An open watertight railway wagon of mass \[5\times {{10}^{3}}\,kg\]coasts at an initial velocity of $1.2\,m/s$without friction on a railway track. Rain falls vertically downwards into the wagon. What change then occurred in the kinetic energy of the wagon, when it has collected ${{10}^{3}}\,kg$ water?
(A) $1200\,J$
(B) $300\,J$
(C) $600\,J$
(D) $900\,J$

Answer 1

Hint : In this question, we have the value of the mass of the wagon and its velocity along with a mass of water. We are required to find the change in kinetic energy of the wagon and in order to find that we will use the formula of momentum and kinetic energy.

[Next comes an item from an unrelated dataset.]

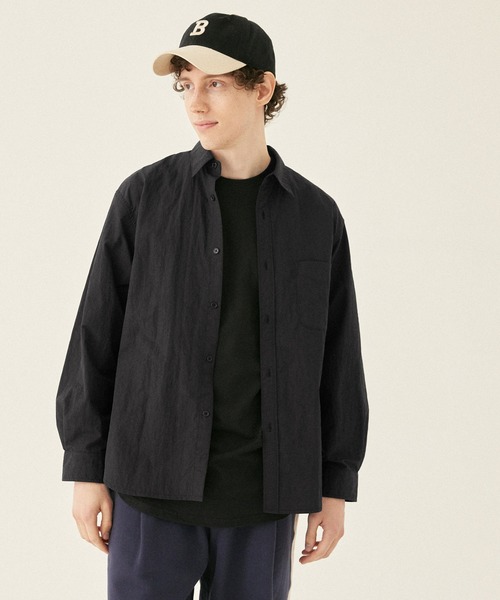 coca（coca）（コカ）の「撥水/ナイロンワッシャーシャツ（シャツ/ブラウス・メンズ・チャコール/ブラック・M/L/XL）」の8枚目の写真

Complete step by step answer:
Given:
 Mass of railway wagon $=5\times {{10}^{3}}\,kg$
 Initial velocity $=1.2\,m/s$
 Mass of water $={{10}^{3}}\,kg$
 Change in kinetic energy of the wagon $=\,?$
Since force in the horizontal direction$=0$,
 ${{P}_{i}}={{P}_{f}}\,\,\,.....(1)$
Where,
 ${{P}_{i}}=$ Initial momentum
 ${{P}_{f}}=$ Final momentum
Momentum is defined as the product of a system’s mass multiplied by its velocity,
 $P=m\times v$
Where,
 $P=$Momentum
 $m=$Mass
 $v=$Velocity
Initial momentum $({{P}_{i}})$ will be the sum of the momentum of the wagon and momentum of the water. Whereas, Final momentum will be equal to the sum of the mass of water and wagon multiplied by velocity.
Since the velocity of water is equal to 0,
Therefore,
 $(5\times {{10}^{3}}\times 1.2)+({{10}^{3}}\times 0)=(6\times {{10}^{3}})v$
 $6\times {{10}^{3}}=(6\times {{10}^{3}})v$
 $v=1\,m/s$
To find the change in kinetic energy, we will find the final and initial kinetic energy.
Final kinetic energy,
 ${{(KE)}_{f}}=\dfrac{1}{2}{{m}_{f}}v_{f}^{2}$
Where,
 ${{m}_{f}}=$ Final mass
 ${{v}_{f}}=$ Final velocity
 ${{(KE)}_{f}}=\dfrac{1}{2}(6\times {{10}^{3}}\times {{1}^{2}})$
 ${{(KE)}_{f}}=3000\,J$
Initial kinetic energy,
 ${{(KE)}_{i}}=\dfrac{1}{2}{{m}_{i}}v_{i}^{2}$
Where,
 ${{m}_{i}}=$Initial mass
 ${{v}_{i}}=$Initial velocity
 ${{(KE)}_{i}}=\dfrac{1}{2}(5\times {{10}^{3}}\times {{(1.2)}^{2}})$
 ${{(KE)}_{i}}=3600\,J$
As we know change in kinetic energy is:
 $\Delta KE={{(KE)}_{i}}-{{(KE)}_{f}}$
 $\Delta KE=3600-3000$
 $\Delta KE=600\,J$

So the change in kinetic energy of the wagon is 600 J. Hence option C is correct.

Note: In order to solve this kind of question we should have knowledge about momentum and kinetic energy. The change in the kinetic energy of an object is equal to the net work done on the object. This fact is referred to as the Work-Energy Principle and is often a very useful tool in mechanics problem-solving.